- Task brief
Apart from the pictures, every line below is to be set down exactly.

- Given information
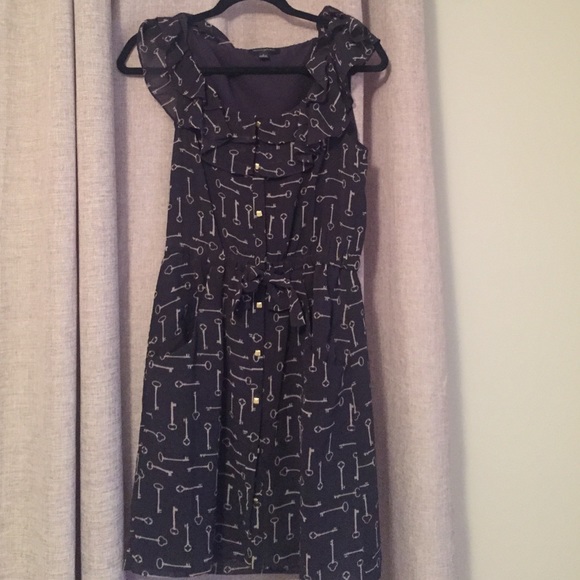 Navy dress with white key print and gold buttons
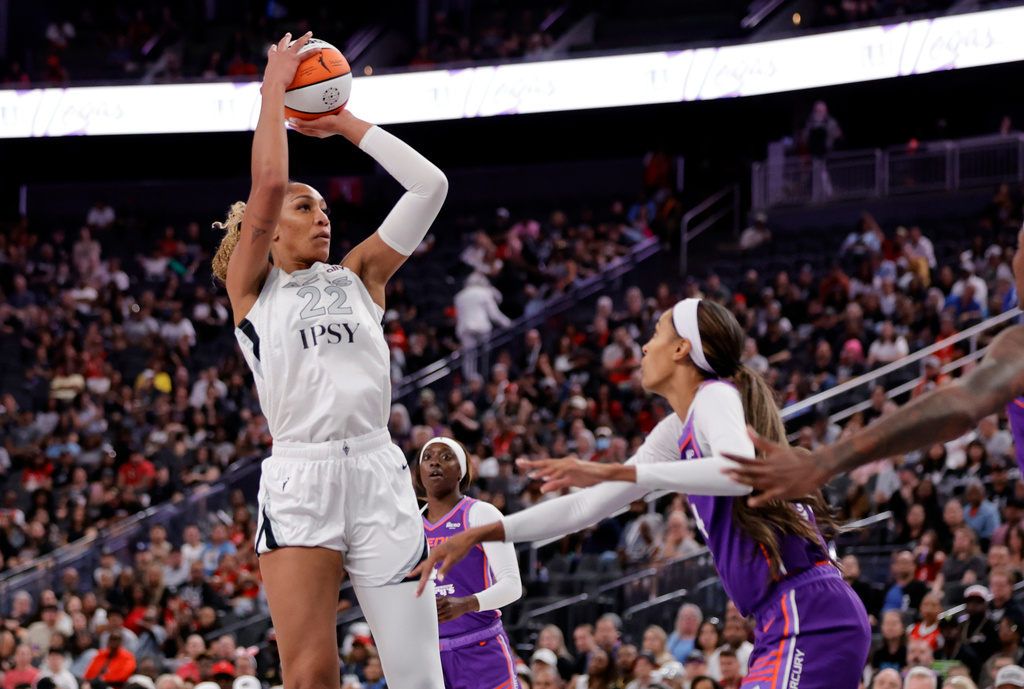 Las Vegas Aces center A'ja Wilson (22) looks to shoot over Phoenix Mercury forward/guard DeWanna Bonner, right, during the first half of an WNBA basketball game Saturday, May 9, 2026, in Las Vegas. (Steve Marcus/Las Vegas Sun via AP)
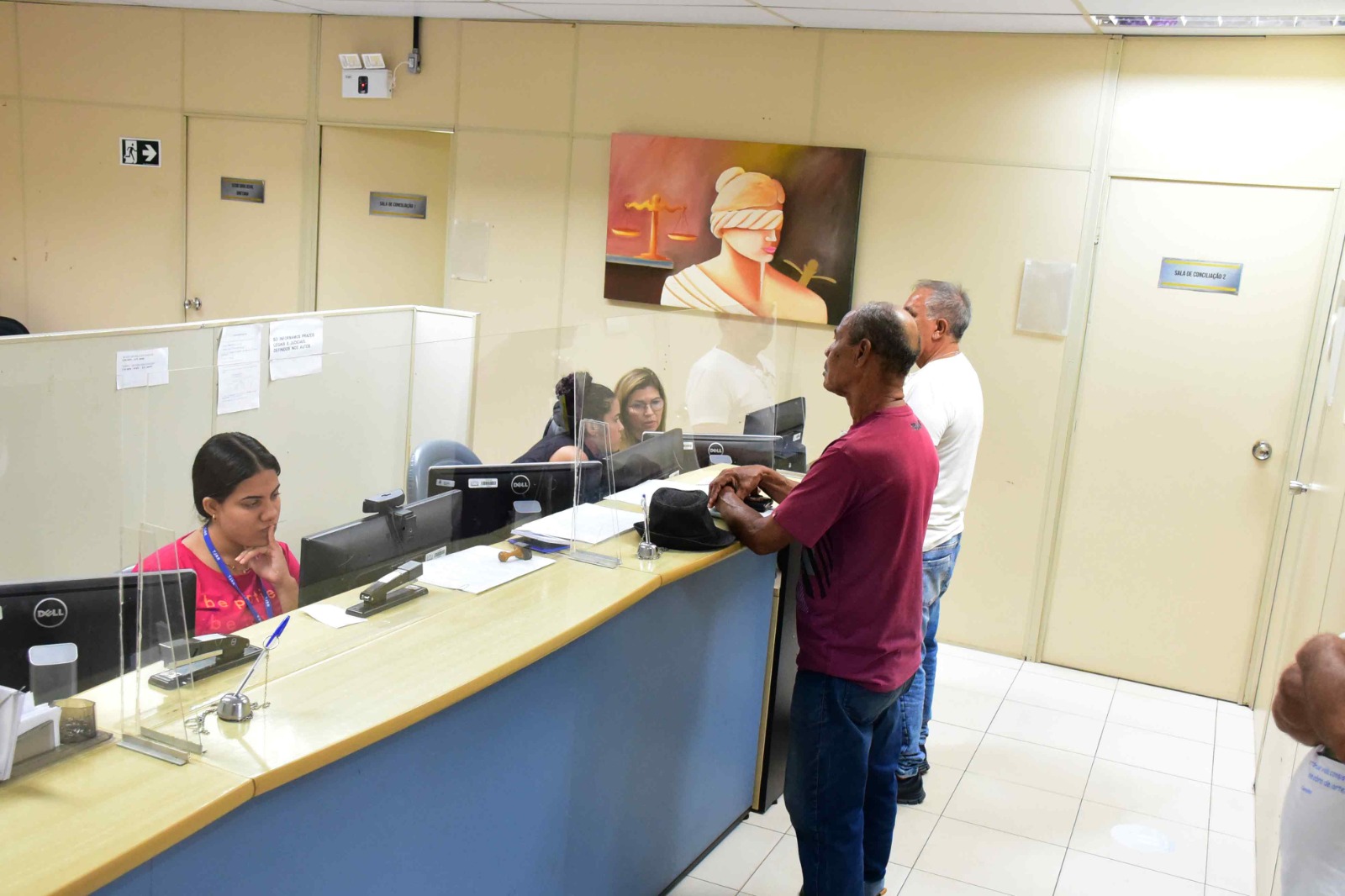 foto colorida mostrando o balcão de atendimento com dos homens sendo atendidos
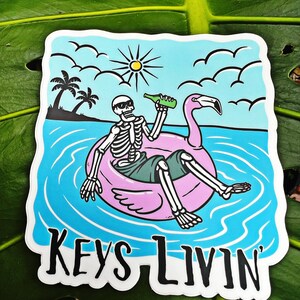 Peut inclure: Un autocollant avec un squelette de dessin animé portant des lunettes de soleil et tenant une bouteille, flottant sur un flotteur de piscine rose en forme de flamant rose dans de l'eau bleue. Le texte "KEYS LIVIN'" est en bas de l'autocollant.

- Result for this task
 Navy dress with white key print and gold buttons
 Las Vegas Aces center A'ja Wilson (22) looks to shoot over Phoenix Mercury forward/guard DeWanna Bonner, right, during the first half of an WNBA basketball game Saturday, May 9, 2026, in Las Vegas. (Steve Marcus/Las Vegas Sun via AP)
 foto colorida mostrando o balcão de atendimento com dos homens sendo atendidos
 Peut inclure: Un autocollant avec un squelette de dessin animé portant des lunettes de soleil et tenant une bouteille, flottant sur un flotteur de piscine rose en forme de flamant rose dans de l'eau bleue. Le texte "KEYS LIVIN'" est en bas de l'autocollant.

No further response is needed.